ATO Reports $33.5 Billion Tax Gap

The Australian Tax office (ATO) has reported a 7.3% tax gap between what was supposed to be collected in the 2018-19 financial year versus what was collesmallcted. This has amounted to an estimated $33.5 billion tax loss, the bulk of which has been attributed to small businesses and individuals. Small businesses were found to be responsible for a gap of about $12.5 billion and individuals $8.4 billion. Corporate entities were reported to have a gap of just $2.4 billion. Overall, it is an increase on the previous year’s tax gap of $32 billion.

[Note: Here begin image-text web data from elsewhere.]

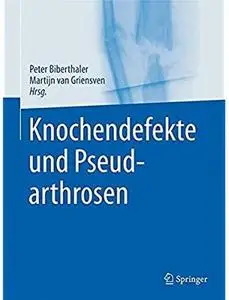 Knochendefekte und Pseudarthrosen [Repost]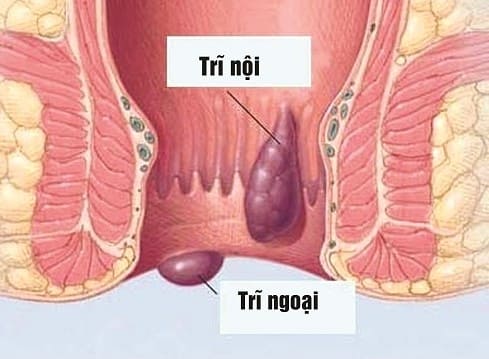 Tổng quan bệnh trĩ ngoại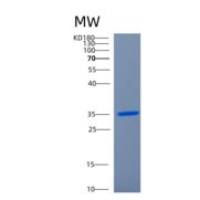 人细胞周期素D2(CCND2)重组蛋白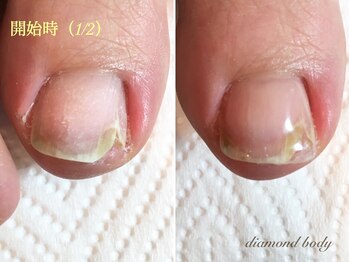 トラブルネイル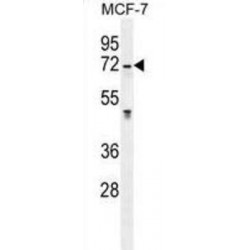 N-Acetylgalactosamine 6-Sulfatase (GALNS) Antibody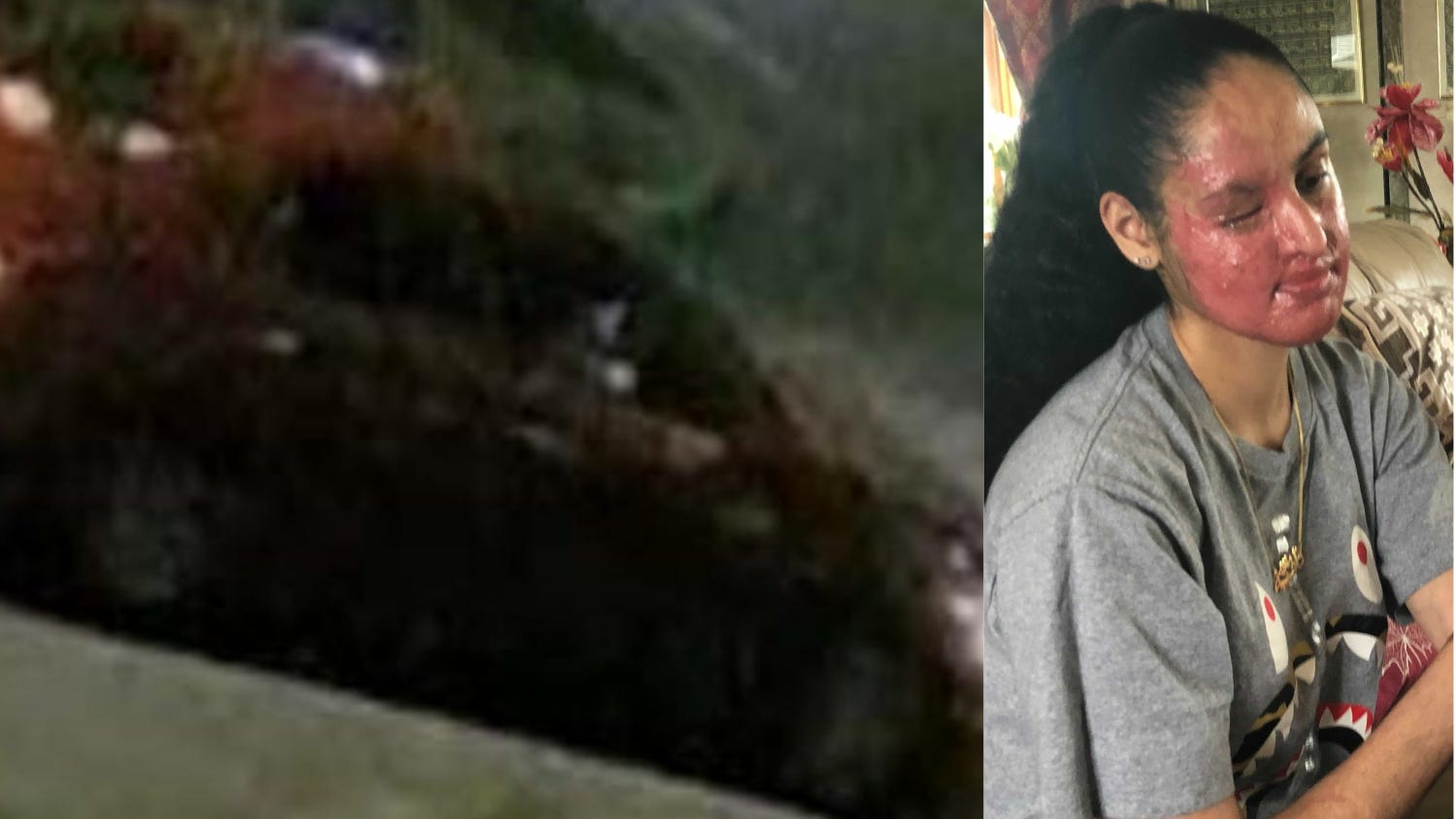 FBI offers $20K reward for info in acid attack on Hofstra student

According to ATO commissioner, Jeremy Hirschhorn, one of the key reasons small businesses and individuals caused the tax gap was underreporting of income. He noted that small businesses in the shadow economy behaviours accounted for most of the omissions. He added that errors during reporting and poor record-keeping were also causes. The $8.4 billion loss from individual taxpayers was found to relate to work-related and rental income related deductions.

To help combat these problems, the ATO intends to focus more on the prevention and elimination of errors by heightening digitisation efforts. Hirschhorn said that there would be an emphasis placed on maintaining voluntary compliance. This would be supported by preventative and deterrent approaches like sharing web material including compliance guidelines and tax alerts. Advisers and intermediaries would also be provided with guidance products.

These strategies are expected to be more helpful than using audits that would require a greater commitment of resources. While the ATO does not expect to fully eliminate tax gaps as the cost involved would be extreme, it still hopes to sustainably reduce the amount with time.

The ATO has noted that tax gaps are created by taxpayers not reporting their true tax positions and avoiding their obligations. It has found the reasons behind this to be due to misunderstanding tax laws, deliberately taking a tax position that differs from the ATO’s view of the law, or a conscious choice not to report certain incomes.

The ATO is yet to report on tax gaps during the more recent financial years. It has been less stringent on compliance issues during the pandemic, making it uncertain what kind of outcome should be expected. ATO commissioner, Chris Jordan, confirmed that compliance work was halted last year due to the impact of the pandemic. He added that as compliance work resumed, the ATO had opted to remain flexible given the financial hardship many taxpayers were experiencing.